Ich bin tief beeindruckt von dieser Leistung und ziehe meinen Hut. Im Finale gegen Djokovic hat es zwar dann nicht ganz gereicht, aber der Russe hat eindrucksvoll unterstrichen, dass man ihn immer auf dem Zettel haben muss. Auf uns Tennisfans wartet auch in Zukunft eine spannende Rivalität zwischen Medvedev und Djokovic, Medvedev und Alcaraz und natürlich auch Alcaraz und Djokovic.
4. Ben Shelton, das Energiebündel
Der 20-jährige US-Boy bereitet mir sehr grosse Freude. Ich liebe seinen sensationell wuchtigen Aufschlag und die Art und Weise, wie er mit seinem Körper Spannung aufbaut und sich dann voll in den Ball wirft.

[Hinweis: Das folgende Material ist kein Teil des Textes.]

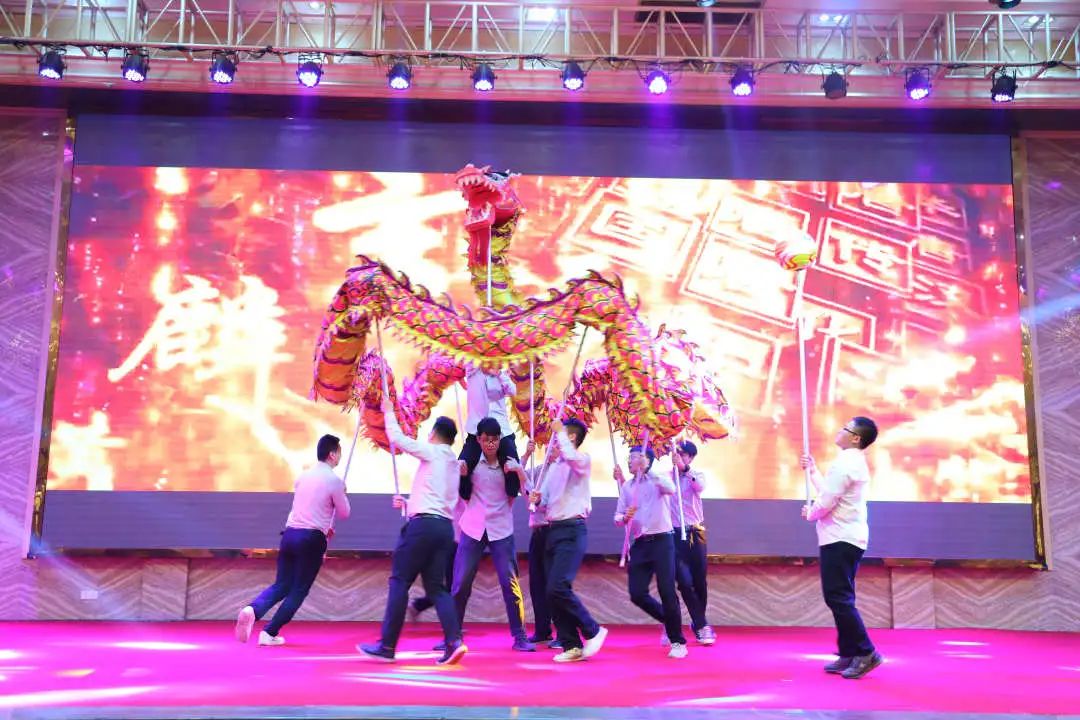 金虎迎新·領(lǐng)跑2022 | 集團(tuán)年度總結(jié)會暨新年晚會完美落幕！(圖15)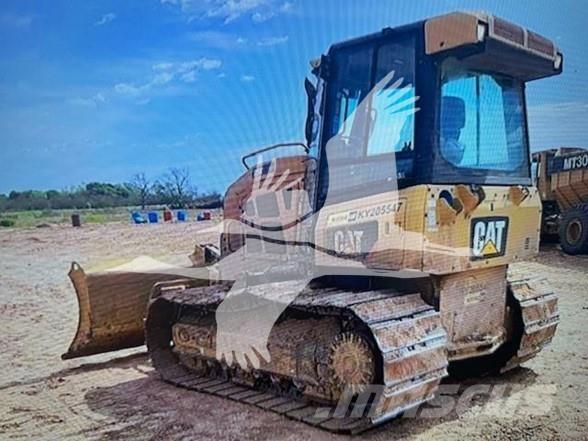 CAT D5K2 LGP Dozers - Tratores rastos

Ein enormes Schlagtalent mit so viel Power und Aufschlägen bis zu 240 km/h. Die Zuschauer lieben ihn und er liebt das Spiel mit dem Publikum. Bei den US Open wurde Shelton auf einer Welle getragen und besiegte seine Landsleute Tommy Paul und Frances Tiafoe.
Er strotzt nur so vor Energie und bringt eine solch positive und erfrischende Art und Weise auf die Tour. Vor dieser Saison war Shelton noch nie im Ausland als Tennisspieler. Nun hat er bei den Aussie Open das Viertelfinale, bei den US Open das Halbfinale erreicht und steht in den Top 20. Ich freue mich schon jetzt auf seine weitere Entwicklung.
5. Alexander Zverev weiter auf dem Weg nach oben
Das epische Fünfsatz-Match von Sascha Zverev gegen Jannik Sinner im Achtelfinale war eines der Matches des Turniers. Wie Zverev trotz völliger Erschöpfung im fünften Durchgang nochmal alle Kräfte mobilisiert hat und gegen den ebenfalls bravourös kämpfenden Sinner am Ende gewann, war eine unglaubliche Leistung. Die Aufgabe Alcaraz war dann nach diesem fast fünf Stunden Knaller gegen Sinner zu viel für den dann auch am Oberschenkel lädierten Zverev.
Aber hängen bleibt bei mir vor allem eines: Zverev ist zurück im Konzert der Grossen. Er hat in einem Match auf höchstem Niveau, den sich in Topform präsentierenden Sinner besiegt. Der Südtirol hatte zuvor in diesem Sommer das Masters in Toronto gewonnen. Bleibt Zverev für den Rest der Saison topfit, dann sehe ich die deutsche Nummer eins bei den kommenden Turnieren wieder voll im Rennen.